> EXERCISE REQUIREMENTS
Would you copy the records exactly, leaving the pictures out?

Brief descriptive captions
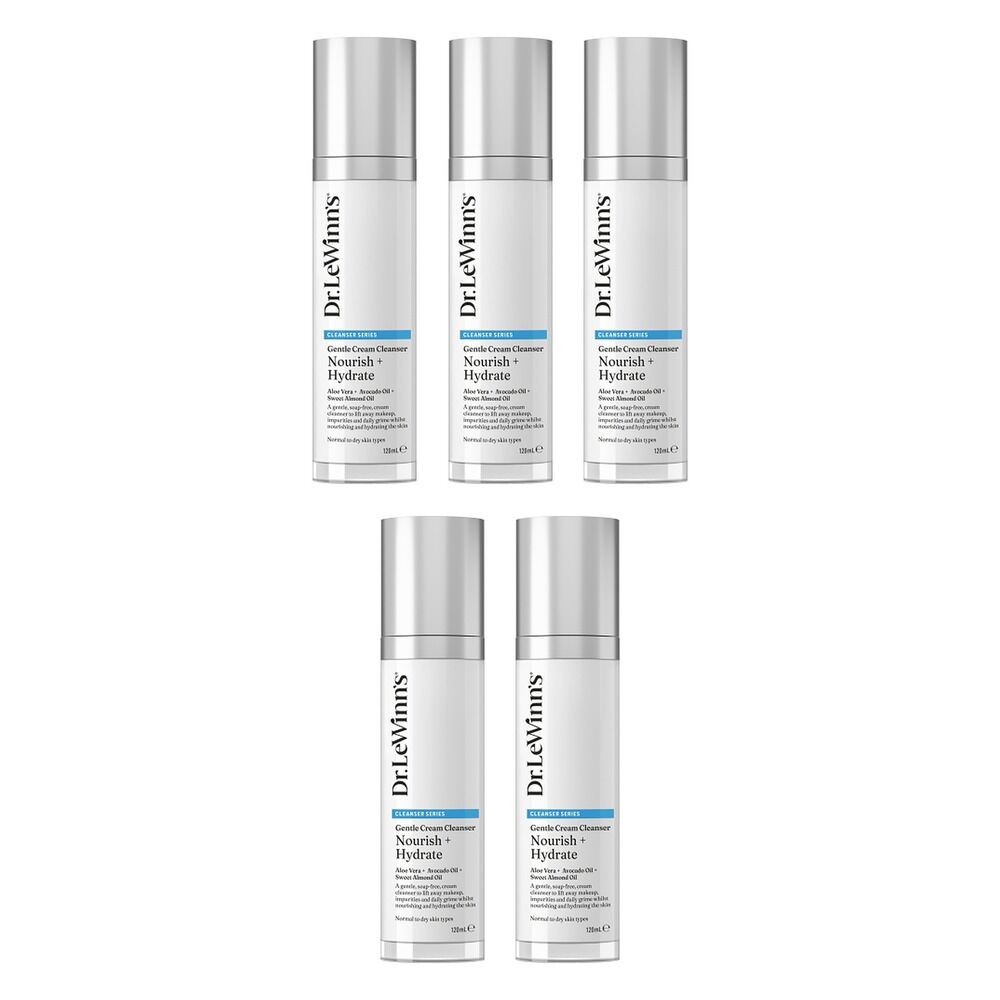 Dr. LeWinn's Private Formula Gentle Cream Cleanser 120mL x 2 Bundle of 5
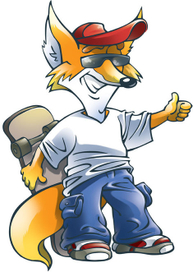 Лис скейбордист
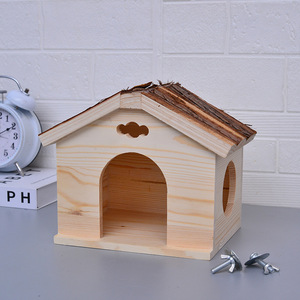 <b>Pine</b> Birdhouse Wooden Bird Nest 24x15.5x19cm Durable Rectangle Shape For Garden Ornaments - Product Image 1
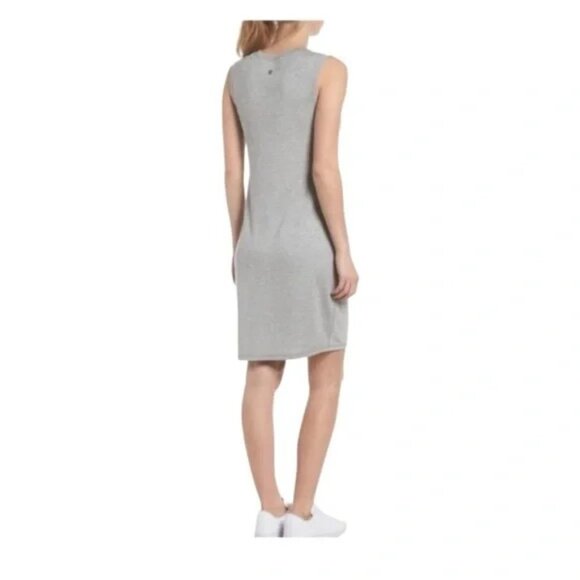 NWT Zella Nordstrom Womens Size Large Gray Post Studio Mini Athleisure Dress NEW - Picture 2 of 5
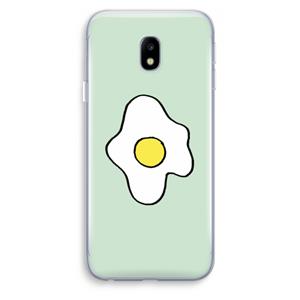 CaseCompany Spiegelei: Samsung Galaxy J3 (2017) Transparant Hoesje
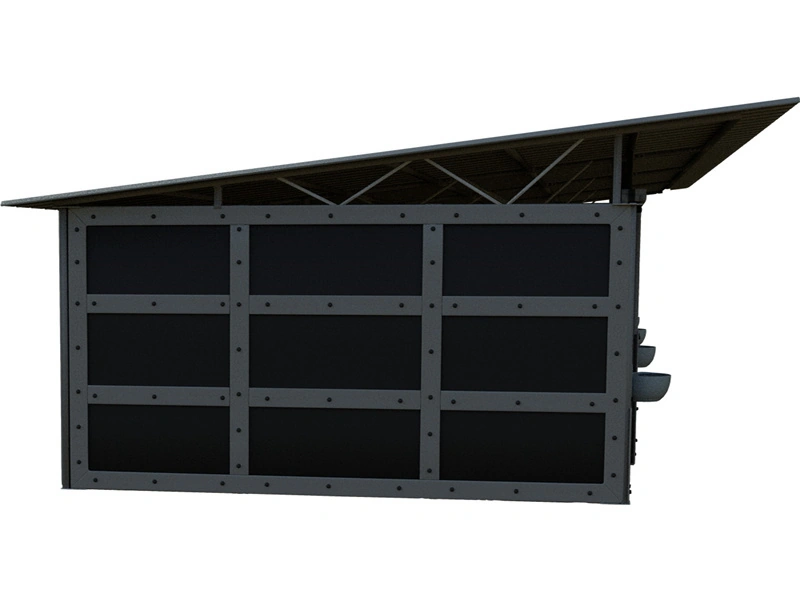 This image displays a high-specification portable horse stable for the ANZ market, featuring a hot-dip galvanized steel frame with a robust truss roof. Designed as a cost-effective temporary or semi-permanent equestrian facility, the structure showcases the modular panel construction ideal for the Australian and New Zealand climates.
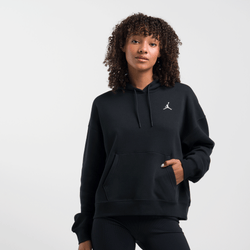 Women Hoodies - Jordan Brooklyn Mid-weight Hoodie - Black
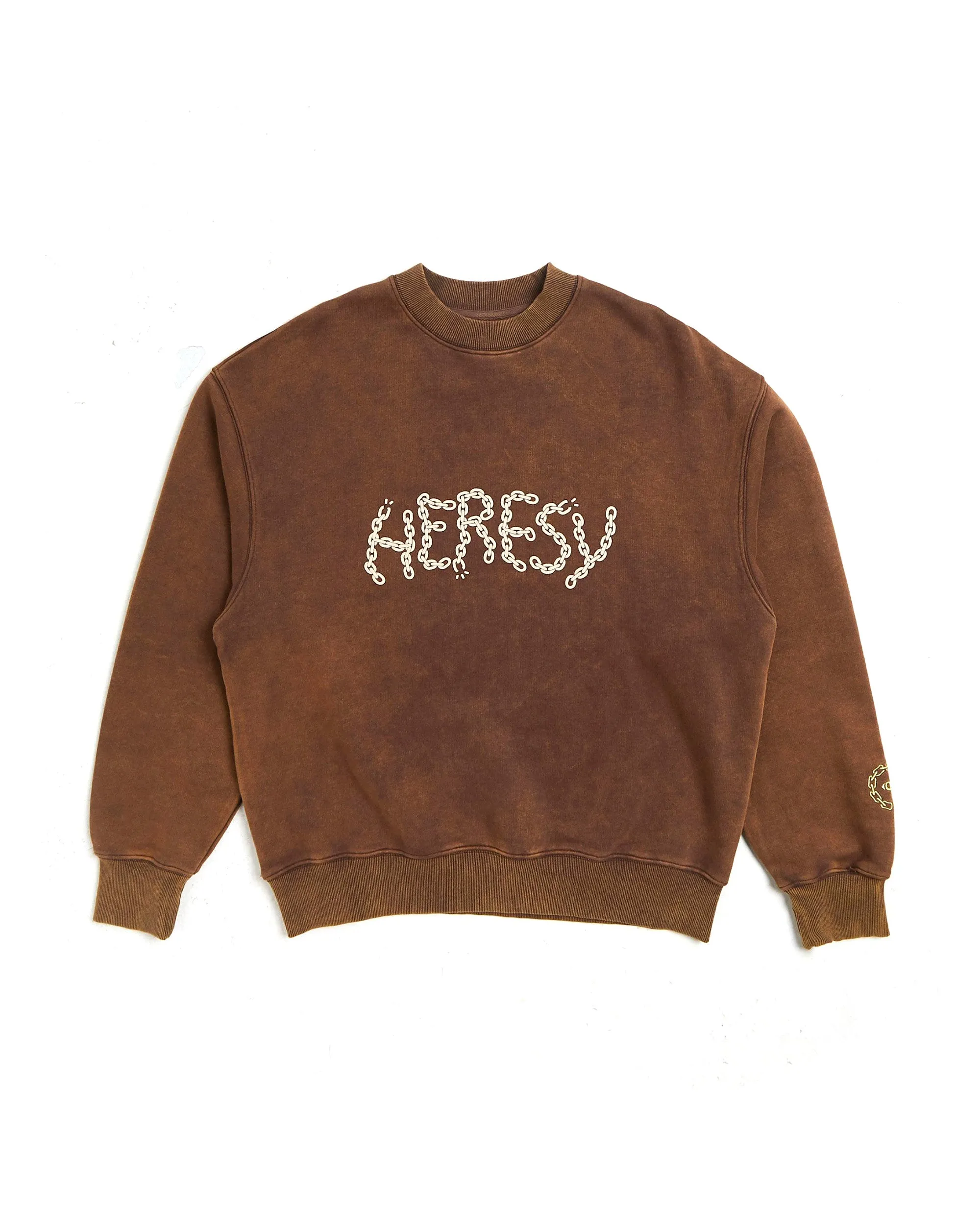 Chain Sweatshirt - Brown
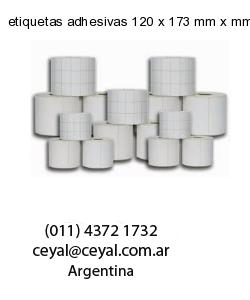 etiquetas adhesivas 120 x 173 mm x mm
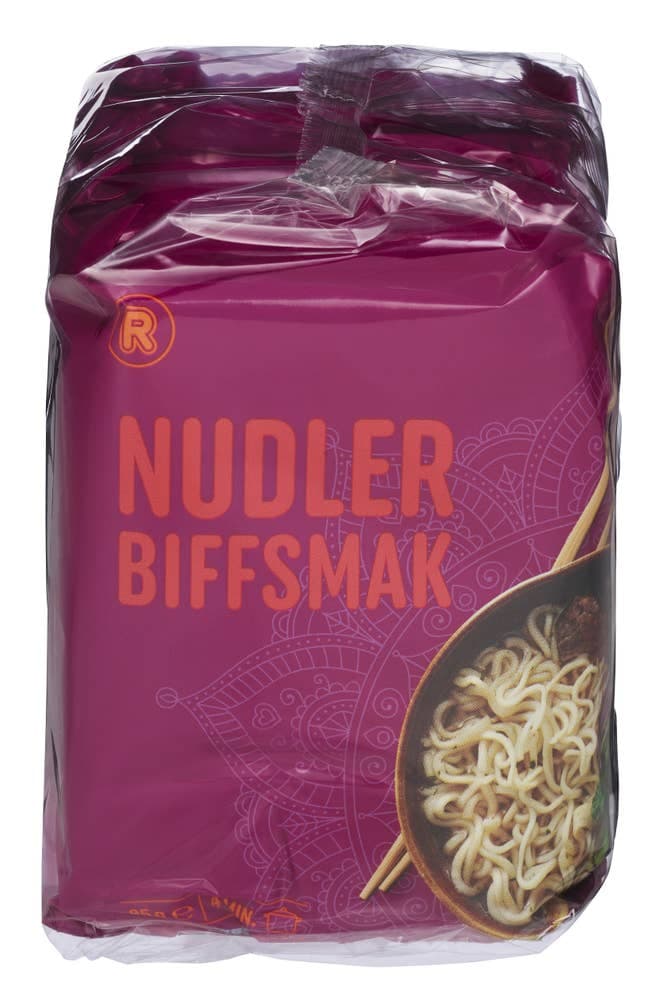 Nudler med biffsmak 5x85g, 425 g 1 g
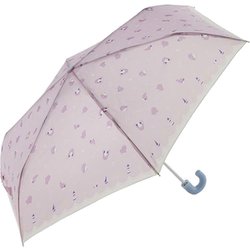 20390 amusant sous la pluie ジュニア折りたたみ傘 50cm 子供折傘50cm 20390.ペンギンパープル myjuniorfold50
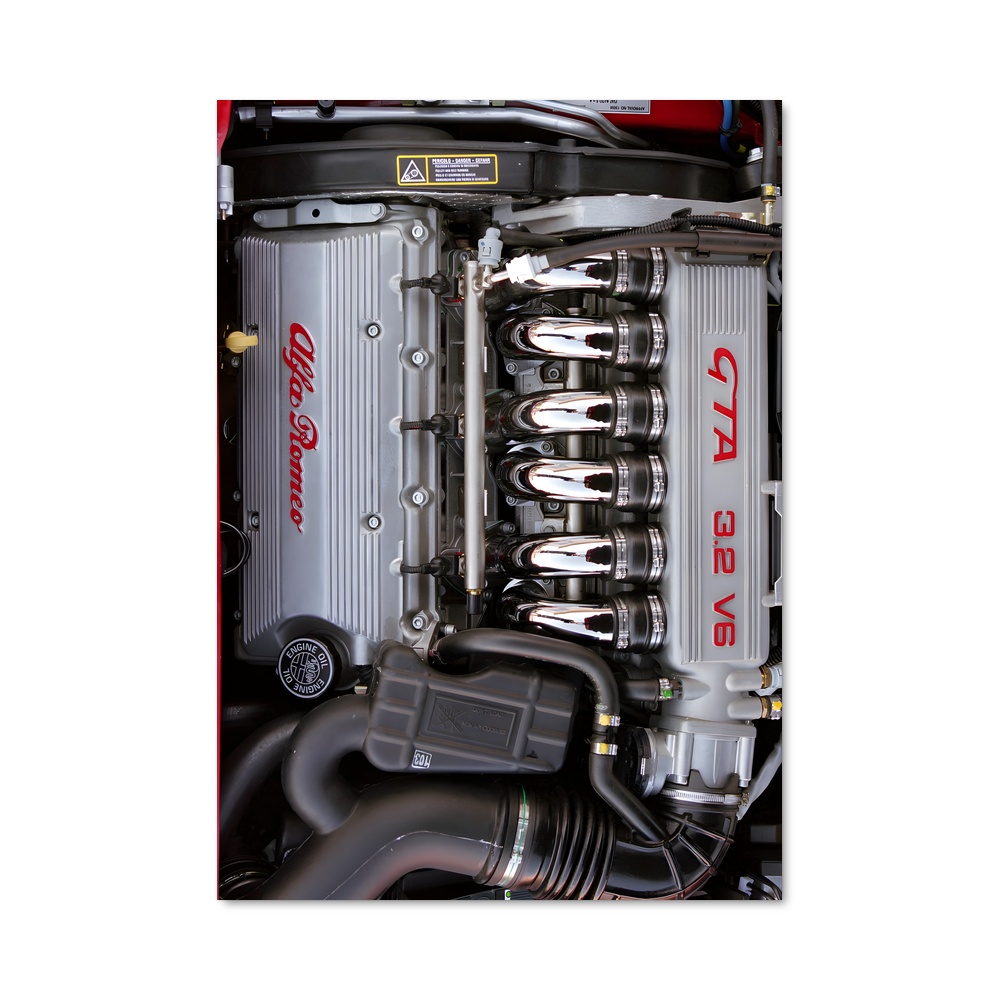 Poster Redline Power – affiche Alfa Romeo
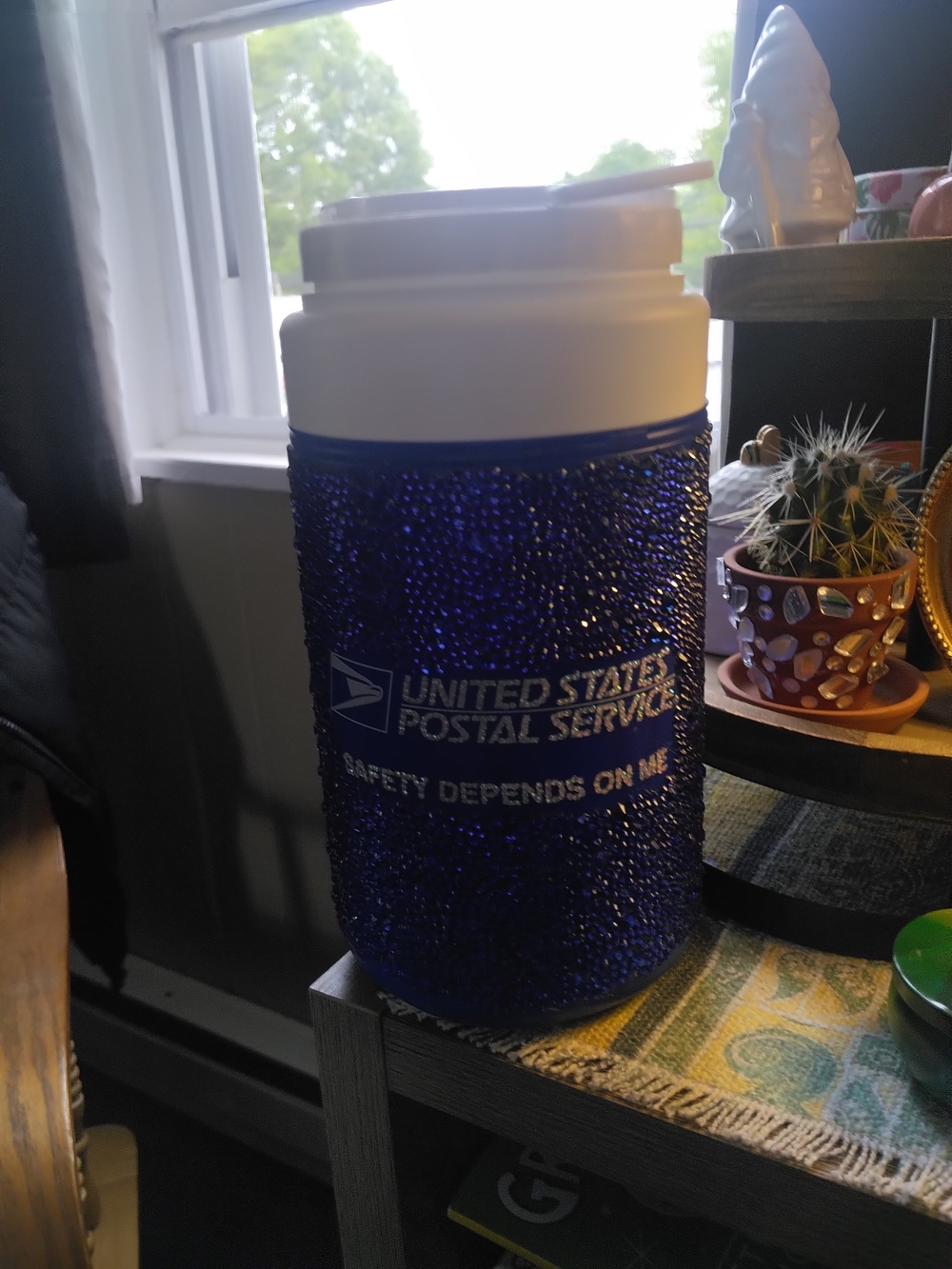 Blue Rhinestone Travel Water Jug - Picture 2 of 5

> ANSWER SPACE
 Dr. LeWinn's Private Formula Gentle Cream Cleanser 120mL x 2 Bundle of 5
 Лис скейбордист
 <b>Pine</b> Birdhouse Wooden Bird Nest 24x15.5x19cm Durable Rectangle Shape For Garden Ornaments - Product Image 1
 NWT Zella Nordstrom Womens Size Large Gray Post Studio Mini Athleisure Dress NEW - Picture 2 of 5
 CaseCompany Spiegelei: Samsung Galaxy J3 (2017) Transparant Hoesje
 This image displays a high-specification portable horse stable for the ANZ market, featuring a hot-dip galvanized steel frame with a robust truss roof. Designed as a cost-effective temporary or semi-permanent equestrian facility, the structure showcases the modular panel construction ideal for the Australian and New Zealand climates.
 Women Hoodies - Jordan Brooklyn Mid-weight Hoodie - Black
 Chain Sweatshirt - Brown
 etiquetas adhesivas 120 x 173 mm x mm
 Nudler med biffsmak 5x85g, 425 g 1 g
 20390 amusant sous la pluie ジュニア折りたたみ傘 50cm 子供折傘50cm 20390.ペンギンパープル myjuniorfold50
 Poster Redline Power – affiche Alfa Romeo
 Blue Rhinestone Travel Water Jug - Picture 2 of 5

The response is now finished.